Below is some data. Retype exactly the lines starting at the one with "Electric Macan EV" and ending at the one with "今回発見された太陽系外惑星系の模式図".

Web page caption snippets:
┌──

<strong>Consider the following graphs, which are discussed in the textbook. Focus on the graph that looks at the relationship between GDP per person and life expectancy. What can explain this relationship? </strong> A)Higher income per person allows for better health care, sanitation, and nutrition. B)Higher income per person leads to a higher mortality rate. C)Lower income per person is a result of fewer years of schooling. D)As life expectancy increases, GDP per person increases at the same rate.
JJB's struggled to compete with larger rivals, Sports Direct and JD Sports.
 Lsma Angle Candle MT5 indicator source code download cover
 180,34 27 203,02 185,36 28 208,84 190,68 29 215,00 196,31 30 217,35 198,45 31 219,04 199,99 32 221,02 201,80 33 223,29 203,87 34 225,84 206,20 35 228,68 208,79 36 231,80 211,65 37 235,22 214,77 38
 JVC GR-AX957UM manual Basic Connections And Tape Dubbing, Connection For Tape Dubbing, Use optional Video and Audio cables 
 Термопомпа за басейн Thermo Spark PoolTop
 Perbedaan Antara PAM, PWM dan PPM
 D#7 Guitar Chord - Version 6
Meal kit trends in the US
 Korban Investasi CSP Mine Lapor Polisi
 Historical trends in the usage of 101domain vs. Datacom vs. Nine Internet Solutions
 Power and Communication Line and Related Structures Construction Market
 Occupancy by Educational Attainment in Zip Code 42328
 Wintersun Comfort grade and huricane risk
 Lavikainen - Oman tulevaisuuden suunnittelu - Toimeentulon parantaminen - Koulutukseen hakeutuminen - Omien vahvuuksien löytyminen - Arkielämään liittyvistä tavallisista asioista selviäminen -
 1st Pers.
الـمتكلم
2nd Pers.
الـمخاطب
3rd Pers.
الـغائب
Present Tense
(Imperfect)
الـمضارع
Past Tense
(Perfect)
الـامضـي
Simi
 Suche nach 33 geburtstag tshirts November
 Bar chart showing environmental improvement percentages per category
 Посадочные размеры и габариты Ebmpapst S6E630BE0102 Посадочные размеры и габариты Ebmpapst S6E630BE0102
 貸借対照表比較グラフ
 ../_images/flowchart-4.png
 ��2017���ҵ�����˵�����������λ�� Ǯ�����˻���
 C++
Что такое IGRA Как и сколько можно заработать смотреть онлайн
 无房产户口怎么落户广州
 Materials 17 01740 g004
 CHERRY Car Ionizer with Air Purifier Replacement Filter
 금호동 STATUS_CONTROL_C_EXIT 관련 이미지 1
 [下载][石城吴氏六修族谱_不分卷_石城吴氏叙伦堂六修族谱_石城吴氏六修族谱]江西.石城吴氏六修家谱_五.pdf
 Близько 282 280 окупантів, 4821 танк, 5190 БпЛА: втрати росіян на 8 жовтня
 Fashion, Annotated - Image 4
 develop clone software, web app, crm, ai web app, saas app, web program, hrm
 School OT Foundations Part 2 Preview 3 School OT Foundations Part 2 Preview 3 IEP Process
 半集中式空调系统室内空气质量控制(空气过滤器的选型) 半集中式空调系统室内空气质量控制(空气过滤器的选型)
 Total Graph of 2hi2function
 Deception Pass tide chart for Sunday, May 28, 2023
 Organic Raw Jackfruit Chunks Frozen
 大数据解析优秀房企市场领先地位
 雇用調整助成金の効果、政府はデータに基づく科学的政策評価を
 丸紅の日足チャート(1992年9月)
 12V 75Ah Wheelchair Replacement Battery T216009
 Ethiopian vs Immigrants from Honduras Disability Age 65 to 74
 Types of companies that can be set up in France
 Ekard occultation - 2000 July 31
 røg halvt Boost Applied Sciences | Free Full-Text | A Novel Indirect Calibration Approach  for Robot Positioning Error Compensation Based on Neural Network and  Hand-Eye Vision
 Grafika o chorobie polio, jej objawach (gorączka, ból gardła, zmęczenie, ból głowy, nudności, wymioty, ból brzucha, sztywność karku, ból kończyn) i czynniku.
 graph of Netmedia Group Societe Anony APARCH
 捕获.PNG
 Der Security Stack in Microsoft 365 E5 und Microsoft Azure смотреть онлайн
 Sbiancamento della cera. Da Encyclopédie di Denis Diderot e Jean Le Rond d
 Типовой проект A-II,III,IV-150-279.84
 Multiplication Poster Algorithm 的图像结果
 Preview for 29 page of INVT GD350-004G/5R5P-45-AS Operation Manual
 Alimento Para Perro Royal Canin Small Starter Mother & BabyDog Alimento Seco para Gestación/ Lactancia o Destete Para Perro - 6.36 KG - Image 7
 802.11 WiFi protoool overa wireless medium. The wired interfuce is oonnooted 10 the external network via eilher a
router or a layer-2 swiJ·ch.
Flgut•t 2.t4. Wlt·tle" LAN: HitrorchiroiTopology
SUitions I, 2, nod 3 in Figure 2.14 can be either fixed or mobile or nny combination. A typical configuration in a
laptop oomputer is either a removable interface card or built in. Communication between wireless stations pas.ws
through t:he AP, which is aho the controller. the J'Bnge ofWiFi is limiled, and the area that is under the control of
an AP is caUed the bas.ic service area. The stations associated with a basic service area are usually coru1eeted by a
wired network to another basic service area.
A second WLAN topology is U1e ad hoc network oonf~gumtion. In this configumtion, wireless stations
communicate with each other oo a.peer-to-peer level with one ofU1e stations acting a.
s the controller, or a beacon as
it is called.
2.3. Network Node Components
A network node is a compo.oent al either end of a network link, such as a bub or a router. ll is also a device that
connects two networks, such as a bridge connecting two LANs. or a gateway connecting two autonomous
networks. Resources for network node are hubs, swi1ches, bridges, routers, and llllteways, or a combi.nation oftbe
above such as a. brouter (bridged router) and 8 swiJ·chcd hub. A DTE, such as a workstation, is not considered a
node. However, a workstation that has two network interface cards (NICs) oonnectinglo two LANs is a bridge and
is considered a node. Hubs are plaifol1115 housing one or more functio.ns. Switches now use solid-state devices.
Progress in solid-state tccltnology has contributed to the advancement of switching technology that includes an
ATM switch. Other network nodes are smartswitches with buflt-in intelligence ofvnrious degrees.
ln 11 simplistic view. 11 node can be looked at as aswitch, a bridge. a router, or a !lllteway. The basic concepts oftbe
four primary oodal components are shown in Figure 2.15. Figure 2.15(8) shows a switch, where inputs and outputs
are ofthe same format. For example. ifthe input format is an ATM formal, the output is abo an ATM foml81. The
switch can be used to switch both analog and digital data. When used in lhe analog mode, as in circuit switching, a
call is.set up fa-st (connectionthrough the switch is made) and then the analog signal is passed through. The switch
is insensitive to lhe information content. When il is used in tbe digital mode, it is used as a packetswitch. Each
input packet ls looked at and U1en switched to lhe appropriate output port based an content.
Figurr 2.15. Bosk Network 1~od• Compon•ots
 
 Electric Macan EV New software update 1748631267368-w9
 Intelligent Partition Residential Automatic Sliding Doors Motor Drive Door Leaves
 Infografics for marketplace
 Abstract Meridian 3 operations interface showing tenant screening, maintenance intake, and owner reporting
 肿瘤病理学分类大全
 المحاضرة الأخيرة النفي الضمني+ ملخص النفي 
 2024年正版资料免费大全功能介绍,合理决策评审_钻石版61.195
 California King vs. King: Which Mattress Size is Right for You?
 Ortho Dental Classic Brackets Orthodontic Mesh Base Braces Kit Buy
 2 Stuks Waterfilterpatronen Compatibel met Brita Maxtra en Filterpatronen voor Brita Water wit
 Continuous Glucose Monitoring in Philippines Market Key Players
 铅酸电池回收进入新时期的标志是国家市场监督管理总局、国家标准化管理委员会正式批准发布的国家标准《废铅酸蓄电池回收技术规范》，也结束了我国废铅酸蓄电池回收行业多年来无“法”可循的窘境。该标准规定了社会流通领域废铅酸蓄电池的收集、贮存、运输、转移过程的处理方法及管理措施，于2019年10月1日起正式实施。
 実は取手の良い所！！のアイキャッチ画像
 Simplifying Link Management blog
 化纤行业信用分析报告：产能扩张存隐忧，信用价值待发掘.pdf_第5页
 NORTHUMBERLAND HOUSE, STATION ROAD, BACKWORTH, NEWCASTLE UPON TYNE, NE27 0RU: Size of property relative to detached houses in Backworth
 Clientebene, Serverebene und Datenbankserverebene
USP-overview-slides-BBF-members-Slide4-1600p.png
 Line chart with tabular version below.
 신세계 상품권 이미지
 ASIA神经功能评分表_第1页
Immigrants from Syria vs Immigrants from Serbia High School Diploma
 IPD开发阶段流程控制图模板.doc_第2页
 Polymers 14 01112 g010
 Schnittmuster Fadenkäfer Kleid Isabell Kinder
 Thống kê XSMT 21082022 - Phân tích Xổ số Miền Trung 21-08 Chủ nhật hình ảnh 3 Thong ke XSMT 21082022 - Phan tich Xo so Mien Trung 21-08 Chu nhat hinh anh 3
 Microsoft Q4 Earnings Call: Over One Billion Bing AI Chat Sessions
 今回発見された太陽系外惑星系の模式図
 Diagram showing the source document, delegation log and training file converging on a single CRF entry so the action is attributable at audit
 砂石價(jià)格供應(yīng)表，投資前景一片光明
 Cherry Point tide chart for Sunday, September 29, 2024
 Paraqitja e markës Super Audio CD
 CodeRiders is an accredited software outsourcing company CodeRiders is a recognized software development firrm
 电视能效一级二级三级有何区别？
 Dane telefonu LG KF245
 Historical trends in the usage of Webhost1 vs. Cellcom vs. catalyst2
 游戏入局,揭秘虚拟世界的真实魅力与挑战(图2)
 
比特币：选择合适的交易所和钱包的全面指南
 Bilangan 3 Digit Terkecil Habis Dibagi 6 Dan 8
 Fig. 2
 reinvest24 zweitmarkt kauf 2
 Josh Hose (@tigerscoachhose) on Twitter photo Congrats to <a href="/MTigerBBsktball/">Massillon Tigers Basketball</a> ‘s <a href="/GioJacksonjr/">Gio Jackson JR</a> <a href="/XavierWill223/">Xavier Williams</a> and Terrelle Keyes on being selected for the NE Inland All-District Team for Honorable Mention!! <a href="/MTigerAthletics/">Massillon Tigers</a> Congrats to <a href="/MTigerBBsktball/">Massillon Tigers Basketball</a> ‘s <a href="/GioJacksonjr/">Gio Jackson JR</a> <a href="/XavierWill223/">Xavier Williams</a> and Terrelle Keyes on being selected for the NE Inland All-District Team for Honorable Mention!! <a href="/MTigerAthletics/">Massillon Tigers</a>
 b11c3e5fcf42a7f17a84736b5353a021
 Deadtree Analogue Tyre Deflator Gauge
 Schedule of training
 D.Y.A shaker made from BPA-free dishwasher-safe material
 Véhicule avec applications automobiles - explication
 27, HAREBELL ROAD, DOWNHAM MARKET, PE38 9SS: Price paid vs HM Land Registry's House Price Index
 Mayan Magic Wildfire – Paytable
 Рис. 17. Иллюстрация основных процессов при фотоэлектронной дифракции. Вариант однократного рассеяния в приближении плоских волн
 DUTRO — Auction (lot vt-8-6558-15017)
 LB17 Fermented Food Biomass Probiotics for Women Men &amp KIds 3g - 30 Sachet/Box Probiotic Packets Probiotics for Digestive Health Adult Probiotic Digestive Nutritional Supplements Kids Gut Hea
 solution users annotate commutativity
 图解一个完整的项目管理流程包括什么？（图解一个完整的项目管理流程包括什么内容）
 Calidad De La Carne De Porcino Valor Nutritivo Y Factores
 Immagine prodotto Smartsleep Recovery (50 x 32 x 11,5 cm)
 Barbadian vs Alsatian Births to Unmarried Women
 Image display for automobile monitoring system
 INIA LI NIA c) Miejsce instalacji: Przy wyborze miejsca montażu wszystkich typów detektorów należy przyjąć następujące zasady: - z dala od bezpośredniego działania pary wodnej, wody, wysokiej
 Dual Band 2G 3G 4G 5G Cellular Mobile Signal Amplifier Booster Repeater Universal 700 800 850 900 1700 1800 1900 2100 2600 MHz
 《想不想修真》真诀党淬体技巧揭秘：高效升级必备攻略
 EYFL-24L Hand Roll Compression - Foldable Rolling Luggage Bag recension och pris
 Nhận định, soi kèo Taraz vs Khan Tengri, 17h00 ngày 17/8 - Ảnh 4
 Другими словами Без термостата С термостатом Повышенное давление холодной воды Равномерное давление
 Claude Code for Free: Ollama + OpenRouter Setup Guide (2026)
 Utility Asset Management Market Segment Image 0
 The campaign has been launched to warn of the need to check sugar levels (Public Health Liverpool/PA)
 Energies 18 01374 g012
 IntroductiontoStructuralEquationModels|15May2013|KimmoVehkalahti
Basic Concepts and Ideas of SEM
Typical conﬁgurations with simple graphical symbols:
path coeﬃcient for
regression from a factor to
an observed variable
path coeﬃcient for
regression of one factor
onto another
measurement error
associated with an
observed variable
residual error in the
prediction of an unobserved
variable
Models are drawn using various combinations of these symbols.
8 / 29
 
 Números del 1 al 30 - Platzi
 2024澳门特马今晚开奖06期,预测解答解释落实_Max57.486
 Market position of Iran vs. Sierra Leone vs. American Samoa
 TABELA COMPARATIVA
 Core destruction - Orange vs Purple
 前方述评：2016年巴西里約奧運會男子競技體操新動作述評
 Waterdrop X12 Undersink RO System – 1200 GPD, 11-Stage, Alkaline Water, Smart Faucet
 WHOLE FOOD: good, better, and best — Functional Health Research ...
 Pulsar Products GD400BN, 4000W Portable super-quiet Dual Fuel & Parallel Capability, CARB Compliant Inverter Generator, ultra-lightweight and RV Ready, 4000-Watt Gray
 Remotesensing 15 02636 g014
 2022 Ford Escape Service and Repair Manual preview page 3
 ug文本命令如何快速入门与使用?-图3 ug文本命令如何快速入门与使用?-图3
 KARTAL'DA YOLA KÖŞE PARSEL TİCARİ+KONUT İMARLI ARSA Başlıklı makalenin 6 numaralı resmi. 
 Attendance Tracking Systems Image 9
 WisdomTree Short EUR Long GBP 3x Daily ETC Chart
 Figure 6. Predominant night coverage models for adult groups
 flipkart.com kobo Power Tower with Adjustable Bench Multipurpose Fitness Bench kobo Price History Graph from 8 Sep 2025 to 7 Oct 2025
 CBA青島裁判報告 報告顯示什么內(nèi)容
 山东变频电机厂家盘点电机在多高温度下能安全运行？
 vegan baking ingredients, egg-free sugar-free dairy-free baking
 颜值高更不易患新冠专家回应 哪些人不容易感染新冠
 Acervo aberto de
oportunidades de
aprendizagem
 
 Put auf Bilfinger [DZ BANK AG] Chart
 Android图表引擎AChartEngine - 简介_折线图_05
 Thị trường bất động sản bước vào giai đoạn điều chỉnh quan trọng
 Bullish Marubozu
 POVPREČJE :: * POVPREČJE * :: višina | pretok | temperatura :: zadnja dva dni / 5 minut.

└──

▶ [Solved problem]
 Electric Macan EV New software update 1748631267368-w9
 Intelligent Partition Residential Automatic Sliding Doors Motor Drive Door Leaves
 Infografics for marketplace
 Abstract Meridian 3 operations interface showing tenant screening, maintenance intake, and owner reporting
 肿瘤病理学分类大全
 المحاضرة الأخيرة النفي الضمني+ ملخص النفي 
 2024年正版资料免费大全功能介绍,合理决策评审_钻石版61.195
 California King vs. King: Which Mattress Size is Right for You?
 Ortho Dental Classic Brackets Orthodontic Mesh Base Braces Kit Buy
 2 Stuks Waterfilterpatronen Compatibel met Brita Maxtra en Filterpatronen voor Brita Water wit
 Continuous Glucose Monitoring in Philippines Market Key Players
 铅酸电池回收进入新时期的标志是国家市场监督管理总局、国家标准化管理委员会正式批准发布的国家标准《废铅酸蓄电池回收技术规范》，也结束了我国废铅酸蓄电池回收行业多年来无“法”可循的窘境。该标准规定了社会流通领域废铅酸蓄电池的收集、贮存、运输、转移过程的处理方法及管理措施，于2019年10月1日起正式实施。
 実は取手の良い所！！のアイキャッチ画像
 Simplifying Link Management blog
 化纤行业信用分析报告：产能扩张存隐忧，信用价值待发掘.pdf_第5页
 NORTHUMBERLAND HOUSE, STATION ROAD, BACKWORTH, NEWCASTLE UPON TYNE, NE27 0RU: Size of property relative to detached houses in Backworth
 Clientebene, Serverebene und Datenbankserverebene
USP-overview-slides-BBF-members-Slide4-1600p.png
 Line chart with tabular version below.
 신세계 상품권 이미지
 ASIA神经功能评分表_第1页
Immigrants from Syria vs Immigrants from Serbia High School Diploma
 IPD开发阶段流程控制图模板.doc_第2页
 Polymers 14 01112 g010
 Schnittmuster Fadenkäfer Kleid Isabell Kinder
 Thống kê XSMT 21082022 - Phân tích Xổ số Miền Trung 21-08 Chủ nhật hình ảnh 3 Thong ke XSMT 21082022 - Phan tich Xo so Mien Trung 21-08 Chu nhat hinh anh 3
 Microsoft Q4 Earnings Call: Over One Billion Bing AI Chat Sessions
 今回発見された太陽系外惑星系の模式図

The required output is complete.